Berdasarkan latar belakang dan perumusan masalah diatas, maka dihasilkan tiga

pertanyaan penelitian yang akan dijawab dari hasil penelitian ini, yaitu :

1. Bagaimana pola persebaran penggunaan lahan di Kota Yogyakarta?

2. Bagaimana pola pesebaran suhu permukaan sesaat di Kota Yogyakarta?

3. Bagaimana hubungan antara kerapatan vegetasi dengan suhu permukaan

sesaat di Kota Yogyakarta?

Oleh karena itu, pada penelitian ini diajukan judul berupa “Hubungan

Penggunaan Lahan Terhadap Pengaruh Iklim Mikro Kota Yogyakarta”.

1.3 Tujuan Penelitian

Berdasarkan permasalahan yang ada, penelitian ini dilaksanakan dengan

tujuan sebagai berikut :

1. Mengkaji sebaran penggunaan lahan di Kota Yogyakarta pada tahun 2009.

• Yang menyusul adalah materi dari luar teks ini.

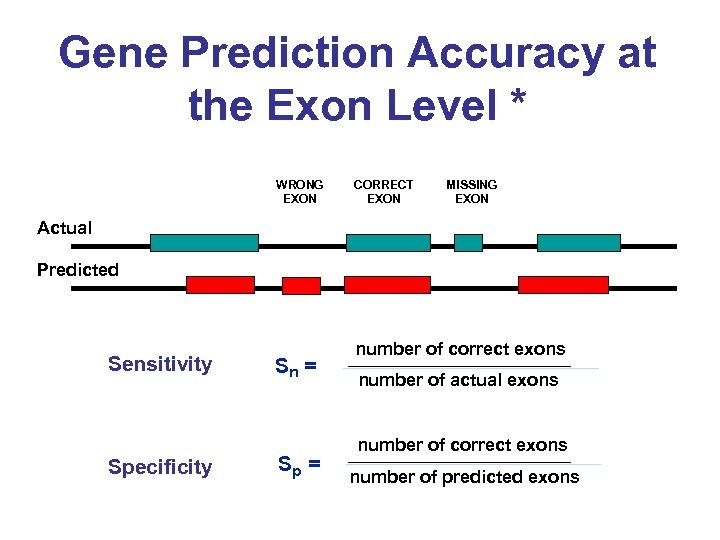 Gene Prediction Accuracy at the Exon Level * WRONG EXON CORRECT EXON MISSING EXON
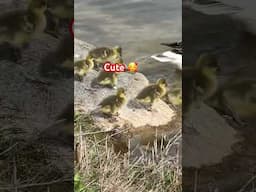 GOSLINGS 🥰#cute #geese#youtubeshorts  #animallovers #viralshort #shortsfeed #ytshorts #shottrending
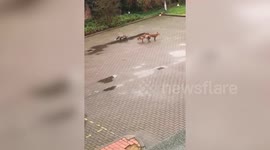 Hilarious viral video shows a randy fox trying to get in on some action being beaten off by a love rival - while mating with a vixen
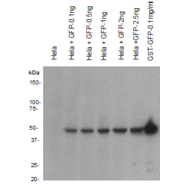 GFP Antibody (N-term)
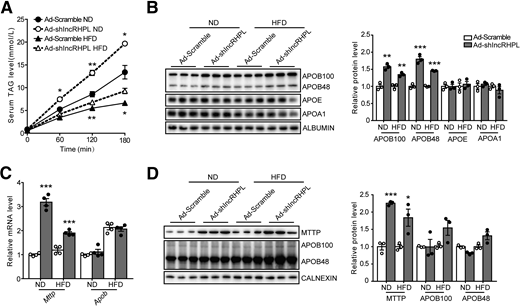 Knockdown of lncRHPL promotes hepatic VLDL secretion in vivo. A: VLDL-TAG secretion increases in lncRHPL knockdown C57BL/6J mice. After infected with Ad-Scramble or Ad-shlncRHPL for 7 days, mice were fasted for 8 h and injected with 500 mg/kg body wt tyloxapol (Triton WR-1339) via tail veins. Blood samples were collected from the retro-orbital plexus at the indicated time point posttreatment. Serum TAG levels was measured with enzymatic kit (n = 3/group). B: lncRHPL knockdown results in the induction of serum apoB proteins. Representative Western blot (left) and quantitative analysis (right) of apoB-100/48, apoE, apoA1, and albumin protein levels in the serum of control (Ad-Scramble) and lncRHPL knockdown (Ad-shlncRHPL) mice (n = 3/group). C: Knockdown of lncRHPL increases mRNA level of Mttp in mice liver. RT-qPCR analysis of relative mRNA levels of Mttp and ApoB in the livers of control (Ad-Scramble) and lncRHPL knockdown (Ad-shlncRHPL) mice (n = 4/group). D: Knockdown of lncRHPL increases hepatic protein level of MTTP in mice. Representative Western blot (left) and quantitative analysis (right) of MTTP and apoB100/48 protein levels in the livers of control (Ad-Scramble) and lncRHPL knockdown (Ad-shlncRHPL) mice (n = 3/group). All values are presented as mean ± SEM. *P < 0.05; **P < 0.01; ***P < 0.001.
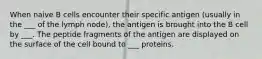 When naive B cells encounter their specific antigen (usually in the ___ of the lymph node), the antigen is brought into the B cell by ___. The peptide fragments of the antigen are displayed on the surface of the cell bound to ___ proteins.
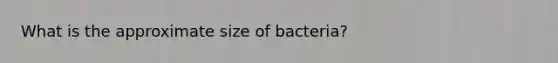 What is the approximate size of bacteria?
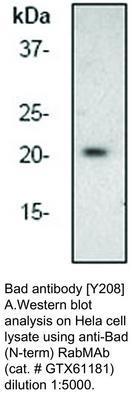 Bad antibody [Y208], GeneTex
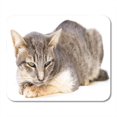 thumbnail image 1 of POGLIP Aid The Cat Sick As Feline Calicivirus Fcv Mousepad Mouse Pad Mouse Mat 9x10 inch, 1 of 1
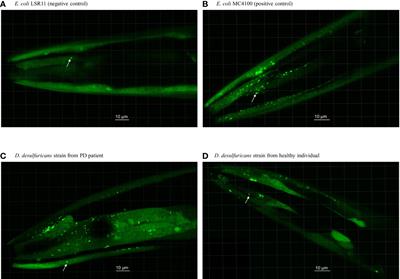 Desulfovibrio bacteria enhance alpha-synuclein aggregation in a Caenorhabditis elegans model of Parkinson’s disease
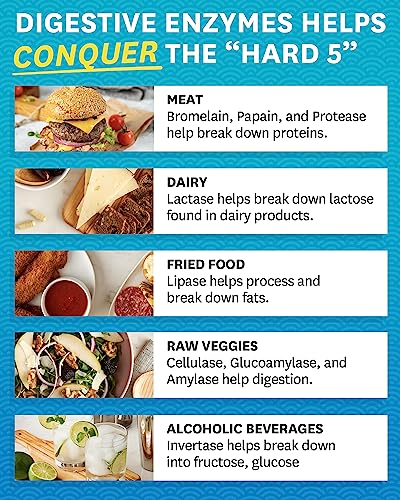 Zenwise Digestive Enzymes - Probiotic Multi Enzyme with Probiotics 180 Ct Zenwise Health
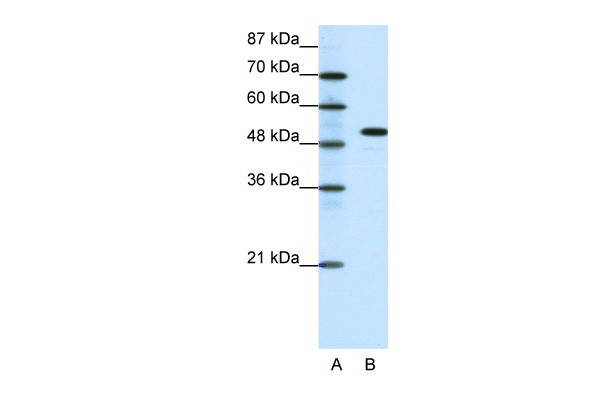 SPIB antibody
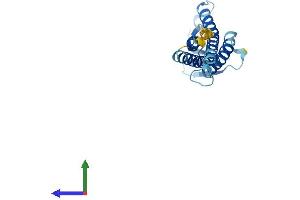 AlphaFold protein structure predicition of Human Recombinant CLDN4 Protein, UniprotID O14493 (Claudin 4 Protein (CLDN4) (AA 1-209) (His tag))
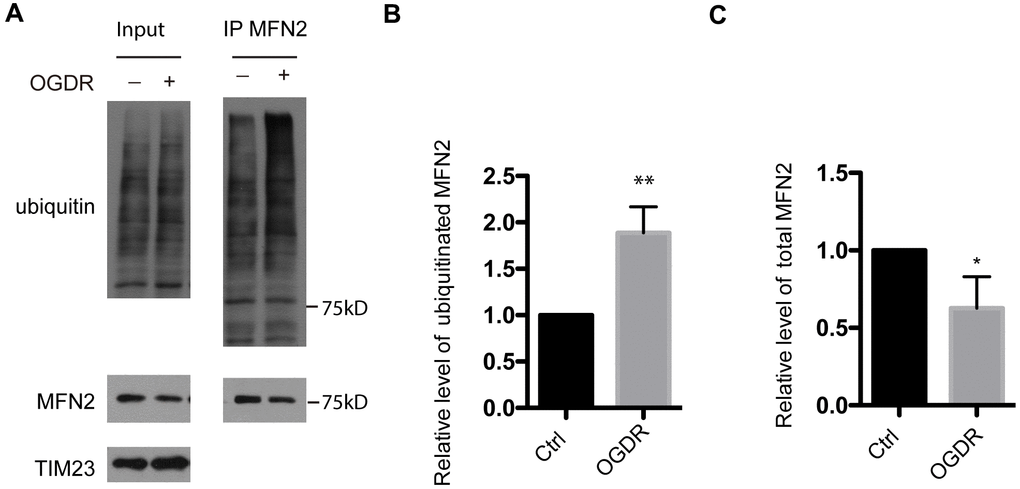 Ubiquitination of MFN2 in the early stage of reperfusion after 4 h OGD. (A) After immunoprecipitation of MFN2, western blot using an antibody against ubiquitin was performed to examine the ubiquitination of MFN2 after 45 min reperfusion following 4 h OGD in SK-N-BE(2) cells. (B) Quantitation (Mean ± SEM) of ubiquitinated MFN2 from three independent experiments. (C) Quantitation (Mean ± SEM) of total MFN2 from three independent experiments. There was a significant increase in the ubiquitination of MFN2 during early reperfusion after 4 h OGD.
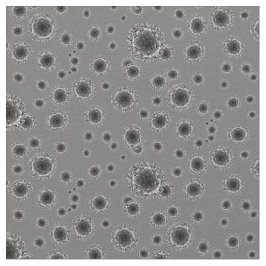Coronavirus - Grått Tyg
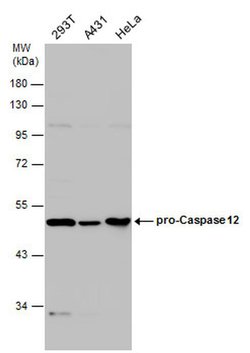 Caspase 12 Polyclonal Antibody, Invitrogen 100 &mu;L; Unconjugated:Antibodies,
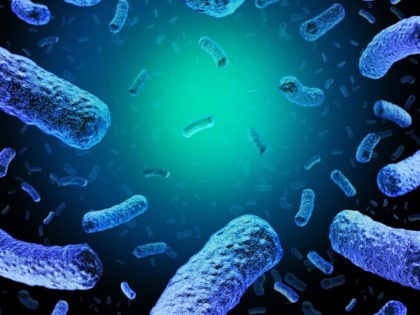 Listeria medical concept as a group of dangerous bacteria causing illness as a health care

2. Mengkaji sebaran suhu permukaan sesaat di Kota Yogyakarta pada tahun

2009.

3. Mengkaji hubungan variabel kerapatan vegetasi dengan ikllim mikro yaitu

suhu permukaan sesaat pada tahun 2009.

1.4 Kegunaan Penelitian

1. Memberikan data tentang distribusi penggunaan lahan dan suhu permukaan

di Kota Yogyakarta.

2. Sebagai masukan dan bahan pertimbangan untuk pembangunan penggunaan

lahan di Kota Yogyakarta.

8

1.5 Tinjuan Pustaka

Dalam uraian tinjauan pustaka ini dibagi menjadi tinjauan teoritis dan

kajian empiris. Dalam paparannya lebih lanjut tinjauan teoritis lebih menekankan

kepada teori-teori yang terkait dengan tema dan kajian penelitian. Sedangkan

kajian empiris lebih menekankan kepada aplikasi dari teori-teori tersebut yang

diwujudkan dengan penelitian-penelitian sejenis. Berikut uraian dari kedua

tinjauan tersebut :

1.5.1 Tinjauan Teoritis

1.5.1.1 Penggunaan Lahan

Penggunaan lahan (land use) adalah setiap bentuk campur tangan

(intervensi) manusia terhadap lahan dalam rangka memenuhi kebutuhan hidupnya

baik material maupun spiritual (Vink, 1975). Beberapa pengertian mengenai

penggunaan lahan pada dasarnya sama, yakni mengenai kegiatan manusia di muka

bumi untuk memenuhi kebutuhan hidupnya. Beberapa definisi penggunaan lahan

ditunjukkan sebagai berikut : Penggunaan lahan adalah suatu bentuk atau

alternatif kegiatan usaha atau pemanfaatan lahan (contoh pertanian, perkebunan,

padang rumput). Penggunaan lahan adalah usaha manusia memanfaatkan

lingkungan alamnya. Penggunaan lahan adalah interaksi manusiadan

lingkungannya, dimana fokus lingkungan adalah lahan, sedangkan sikap dan

tanggapan kebijakan manusia terhadap lahan akan membentuk langkah-langkah

aktivitasnya, sehingga akan menginggalkan bekas di atas sebagai bentuk

penggunaan lahan.

Penggunaan lahan pada umumnya digunakan untuk mengacu

pemanfaatan lahan masa kini, karena aktivitas manusia bersifat dinamis, sehingga

perhatian kajian sering kali diarahkan pada perubahan-perubahan penggunaan

lahan (baik secara kualitatif maupun kuantitatif) atau segala yang berpengaruh

pada lahan. Penggunaan lahan merupakan salah satu perwujudan lingkungan

binaan, yang merupakan hasil hubungan komponen lingkungan budaya (manusia)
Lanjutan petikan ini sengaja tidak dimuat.